Motif batik Sendang lahir dari kehidupan sehari-hari masyarakat desa. Anyaman bambu yang dahulu menjadi dinding rumah warga tergambar dalam motif Gedhek. Motif Gunungan melambangkan keterikatan manusia dengan alam, sementara Iwak Bandeng menjadi simbol kekayaan pesisir Lamongan yang dikenal sebagai sentra bandeng nasional.
“Batik Sendang bukan hanya kain. Setiap motif adalah cerita, setiap titik adalah doa. Inilah cara leluhur kami meninggalkan pesan hidup yang bisa diwariskan kepada generasi berikutnya,” tutur Syarifuddin Miftah, Ketua Pokdarwis Paduraksa Desa Sendangduwur, Sabtu (11/10/2025).
Bagi warga, membatik adalah bahasa ekspresi sekaligus ibadah. Konon, tradisi ini sudah mulai tumbuh sejak era Sunan Sendang Duwur, ulama penyebar Islam di wilayah ini. Sejak itu, seni membatik menjadi sarana syiar, menggabungkan nilai religius dengan estetika budaya Jawa.
Di era modern, banyak batik diproduksi dengan pewarna sintetis. Namun, sebagian perajin Batik Sendang masih setia menggunakan pewarna alami. Daun jati yang menghasilkan warna merah kecokelatan, kulit mangga yang memberi rona kekuningan, hingga akar mengkudu yang menghadirkan nuansa merah alami, menjadi bahan utama dalam proses pewarnaan.
Proses ini memang memakan waktu lebih panjang.
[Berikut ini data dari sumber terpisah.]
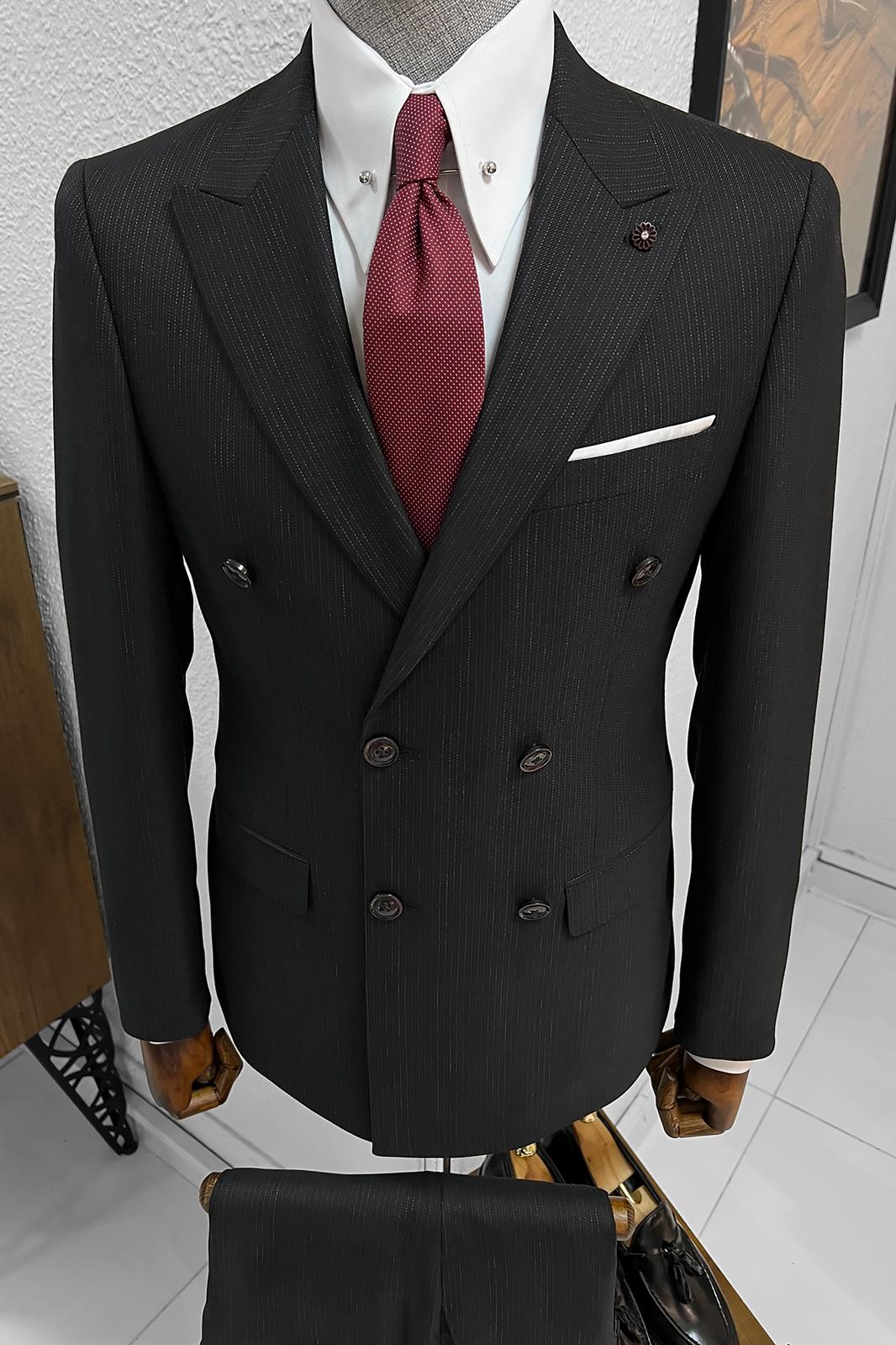 Ebba Black Striped Double Breasted Slim Fit Suit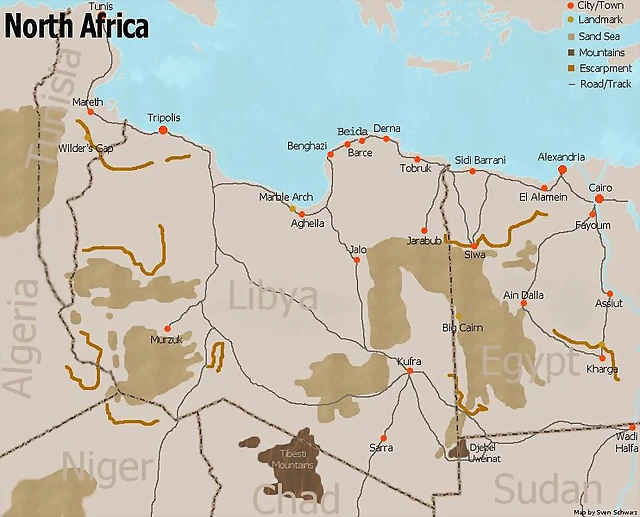 Ubicacin del oasis de Kufra y Tobruk entre otras locaciones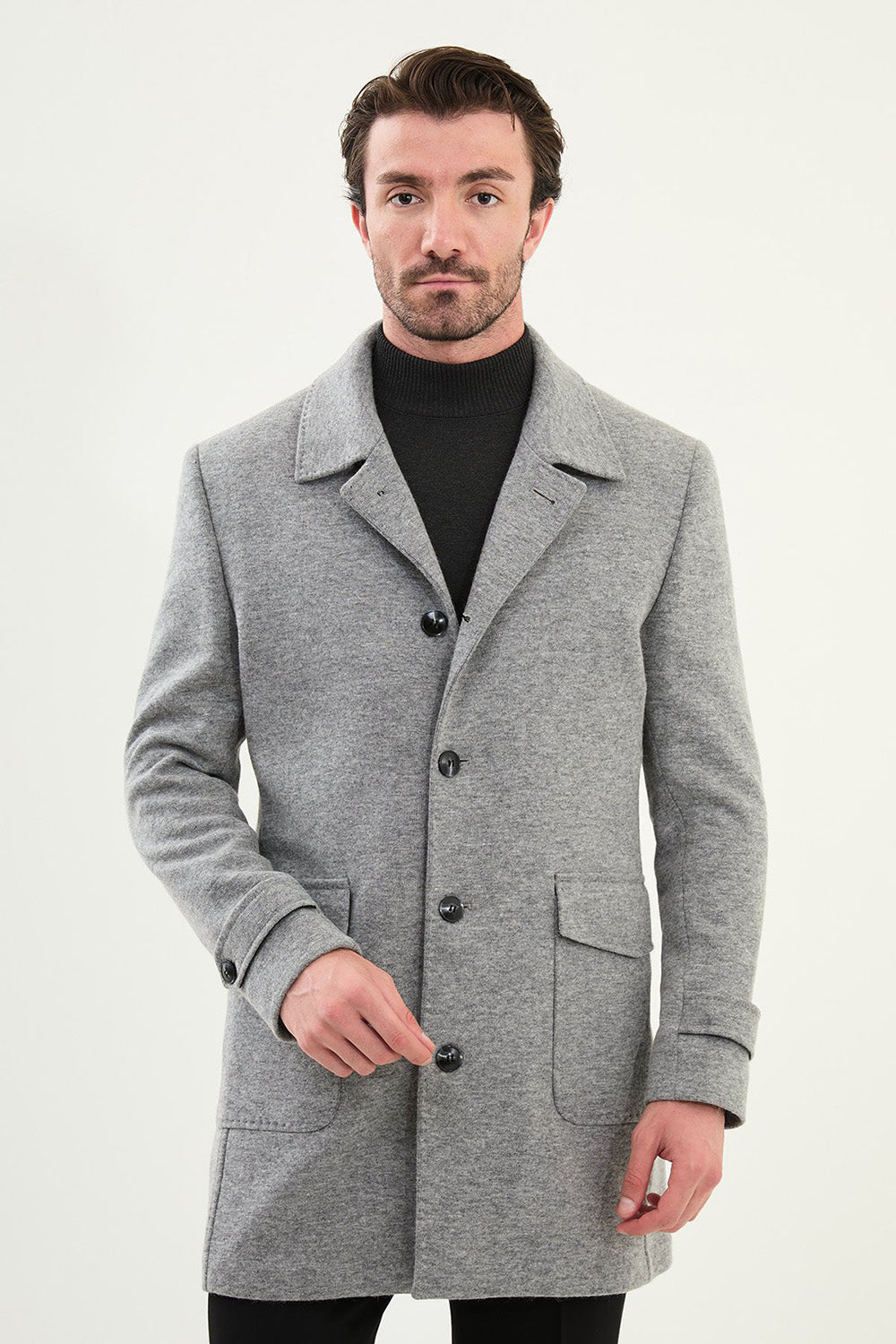 Mazonni Roma Men’s Grey Wool Short Coat Classic Elegant Winter Overcoat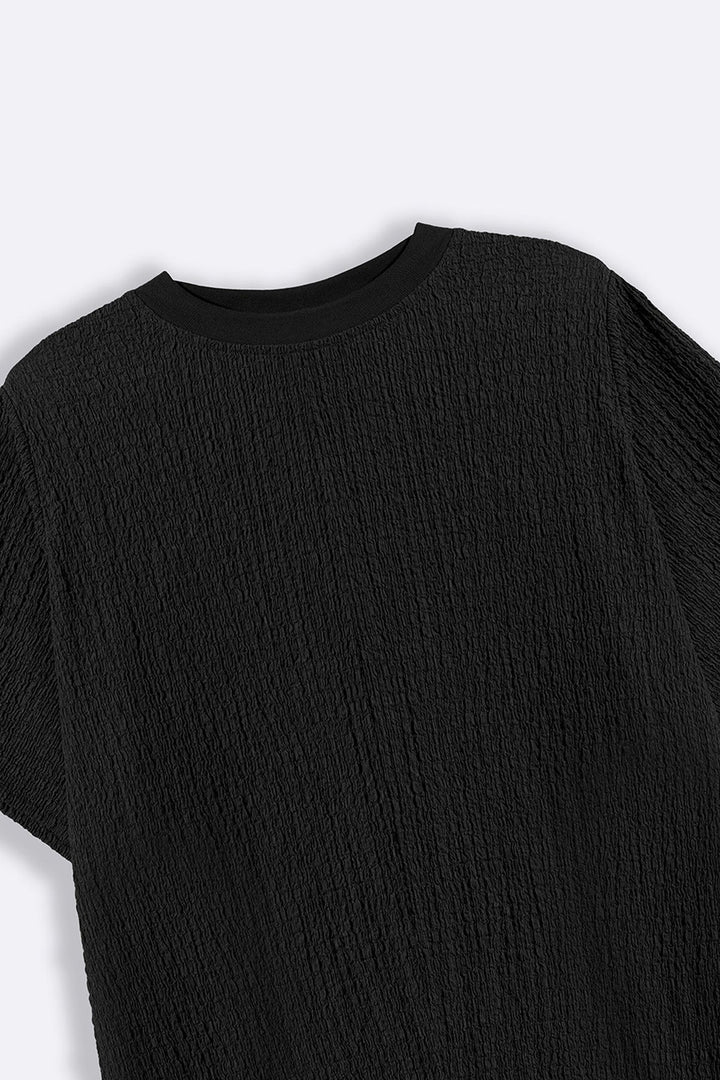 BLACK TEXTURED T-SHIRT TUNIC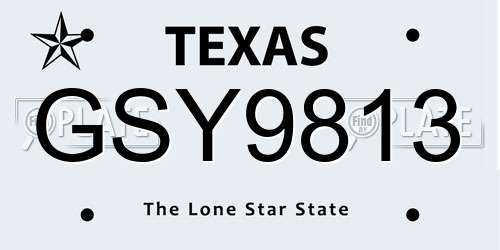 GSY9813 Texas License Plate
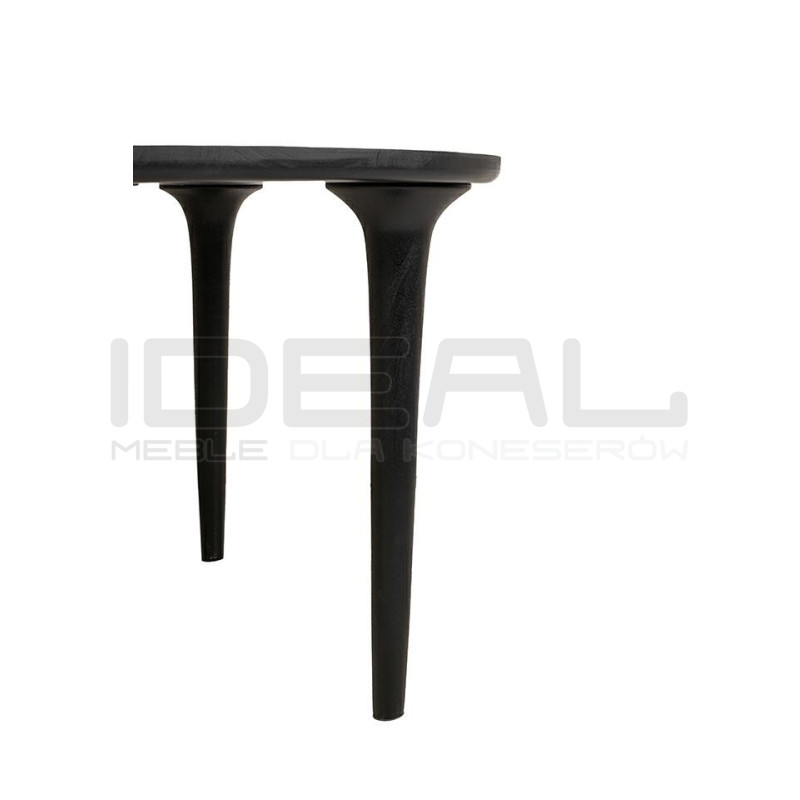 Stół LAMINAR 120 czarny / drewno – elegancki stół dla 4 osób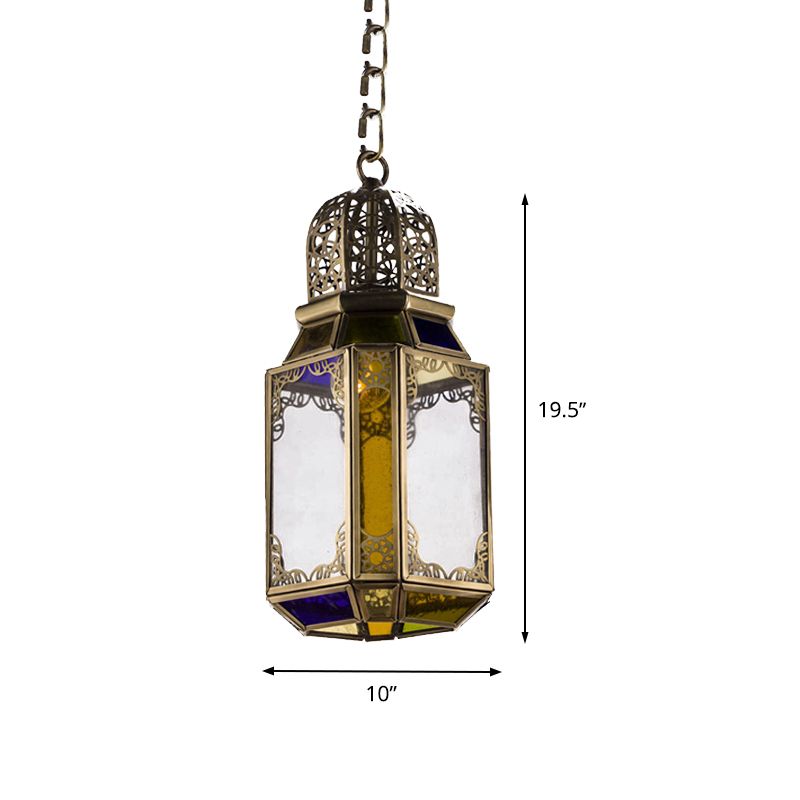 1 Head Pendant Lighting Vintage Lantern Metal Hanging Ceiling Lamp in Brass for Bedroom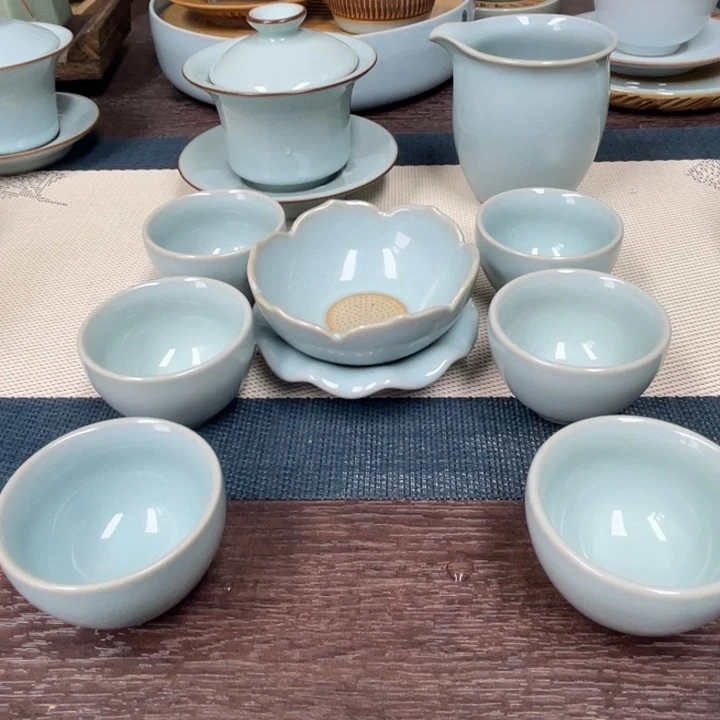 天青色金边三才马蹄盖碗套装赵琳老师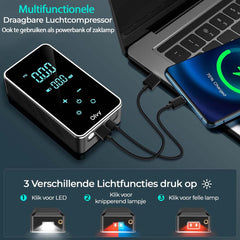 Compressor Bandenpomp - Elektrische Bandenpomp - Draagbare Luchtcompressor - 7000 mAh - Elektrische Fietspomp - Fiets/Auto/Motor/Bal/Luchtbed - Olvy •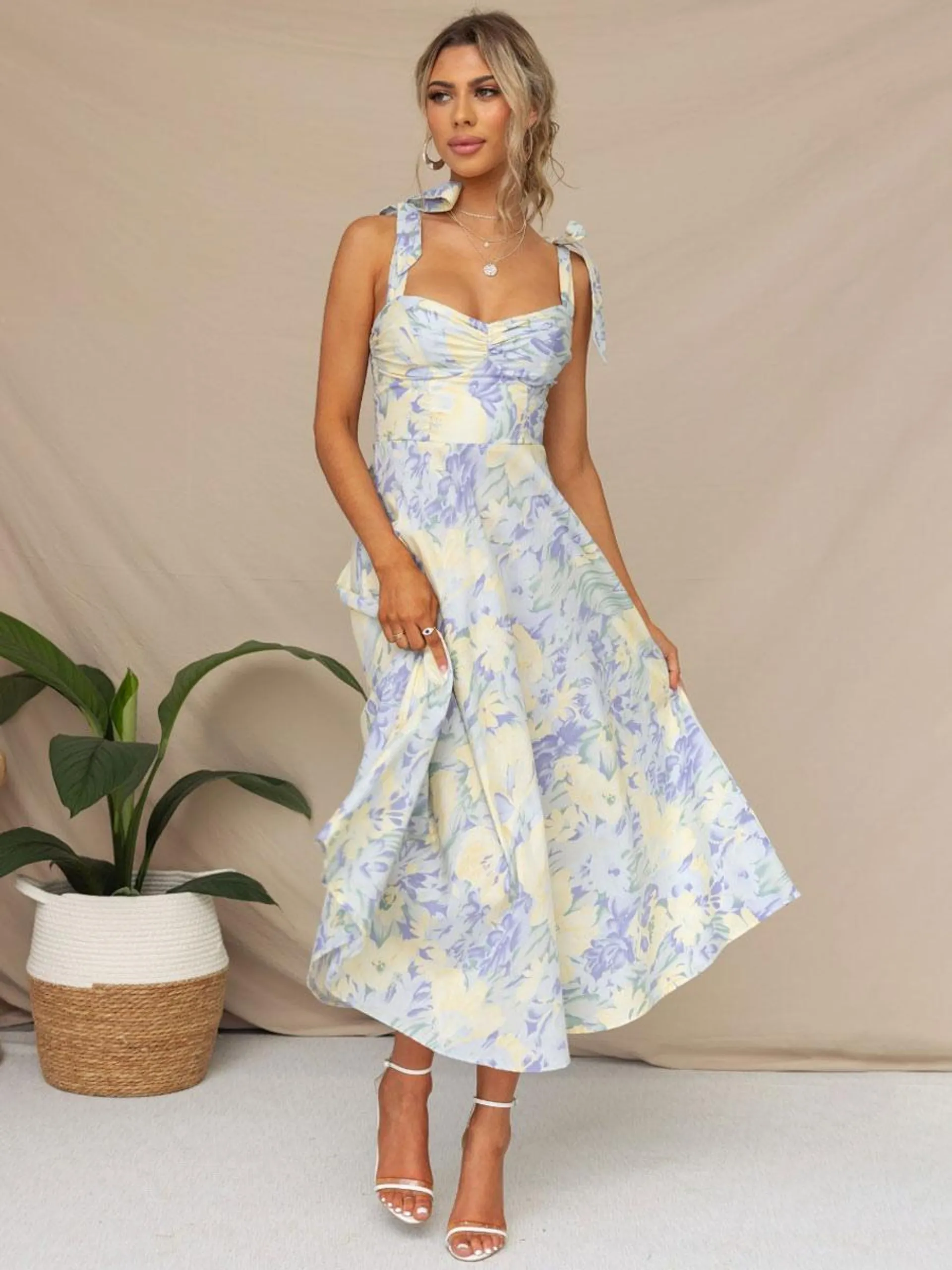 Print Dresses Midi Dress Floral Print Sleeveless Sweetheart Neck Casual Lace Up Backless Summer Dresses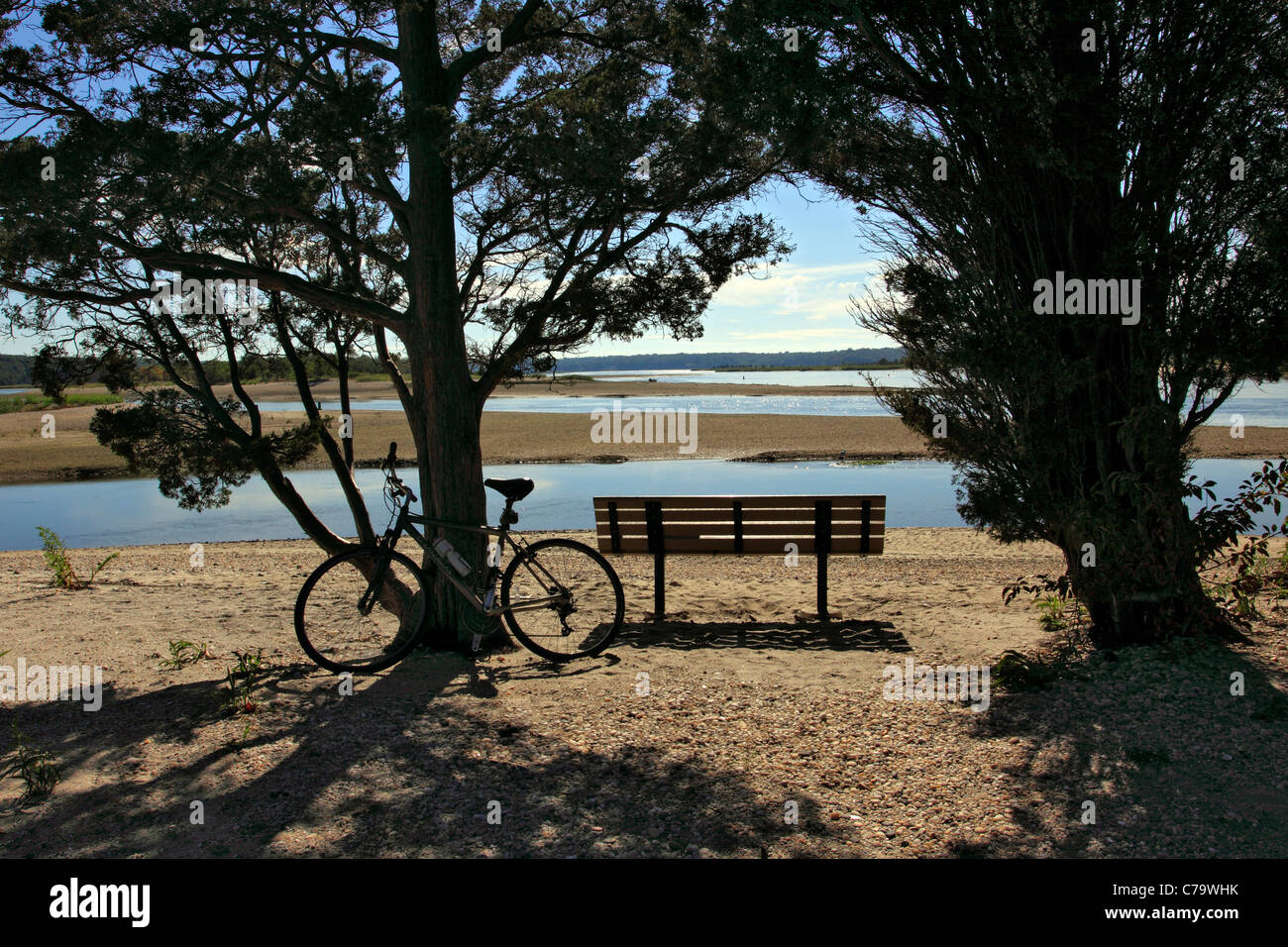 Bicycle Bench Overlooking Stony Brook Stock Photos Bicycle Bench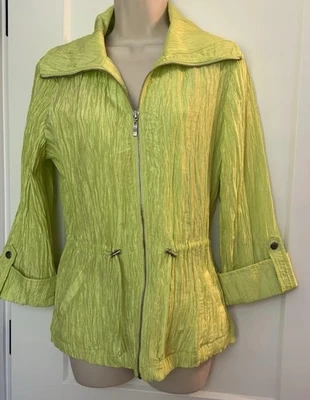 Hearts Of Palm лайм зеленый жакет поли нейлона гофрированный шнурок талии рукав вкладки - Изображение 1 из 4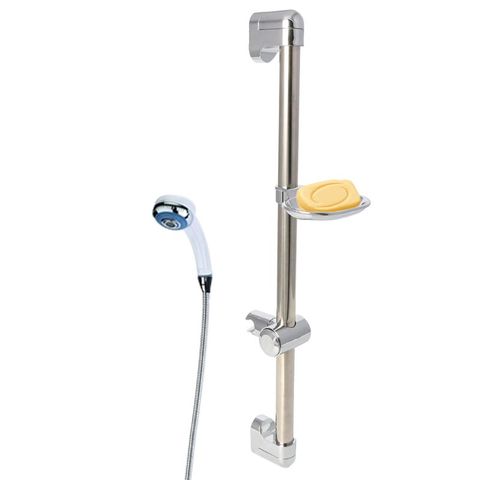 Stainless Steel Shower Head Holding Rod With Soap Box Adjustable Lifting Rods ► Photo 1/6
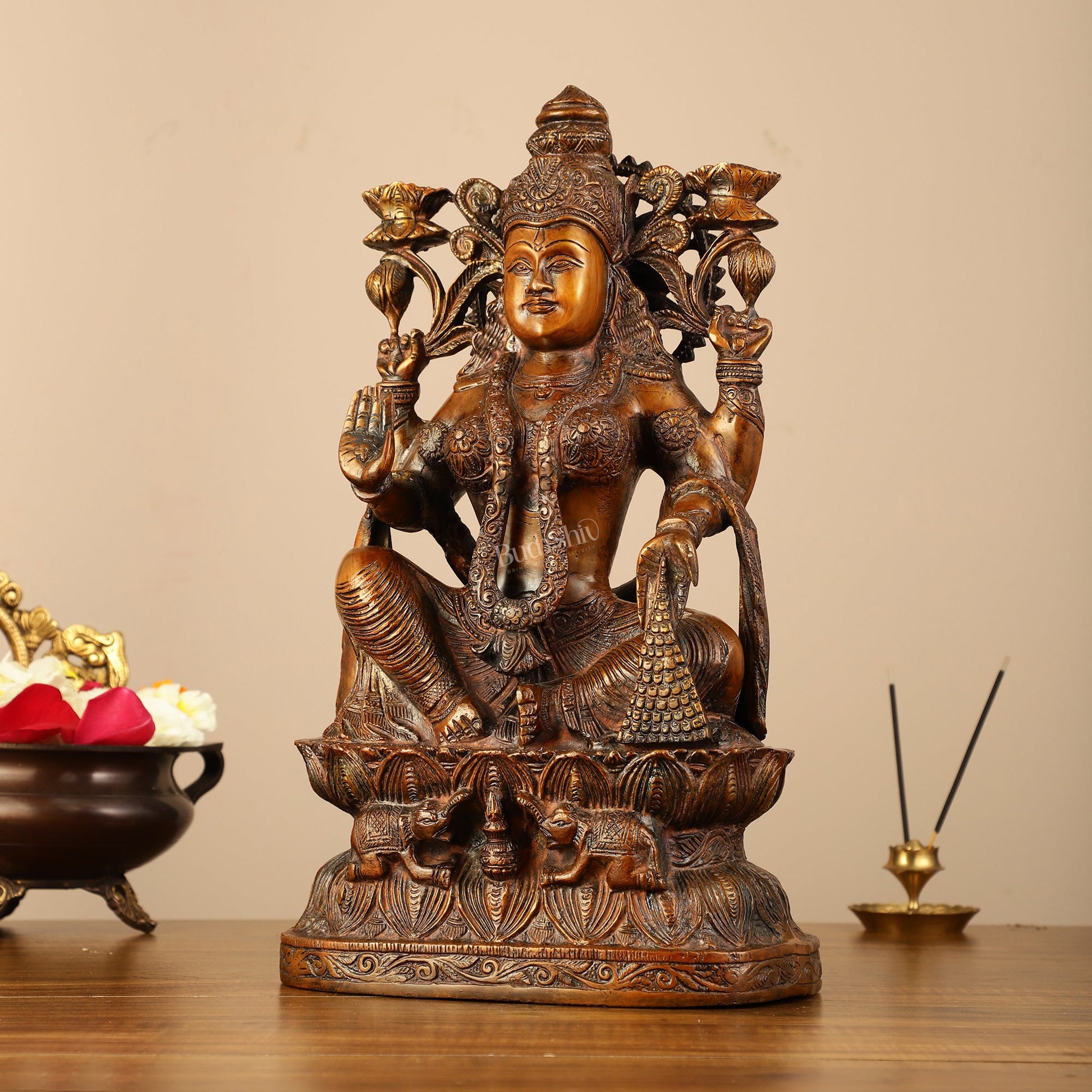 Pure Superfine Brass Goddess Lakshmi Idol - 15.5" - Budhshiv.com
Setelah dicanting dengan malam panas, kain harus berulang kali direbus dan direndam dalam larutan pewarna. Tetapi hasilnya adalah warna teduh yang awet, seolah menyimpan kesabaran pengrajinnya.
“Warna alami membuat batik terasa lebih hidup. Selain ramah lingkungan, teknik ini juga menunjukkan filosofi bahwa kesabaran akan menghasilkan keindahan,” ucap Syarifuddin.
Meski lahir dari desa kecil, Batik Sendang perlahan menembus panggung lebih luas. Beberapa desainer lokal mulai meliriknya untuk koleksi busana. Bahkan, saat dikenakan dalam ajang pameran, batik Sendang berhasil menarik perhatian karena motifnya yang khas, berbeda dengan batik pesisir pada umumnya.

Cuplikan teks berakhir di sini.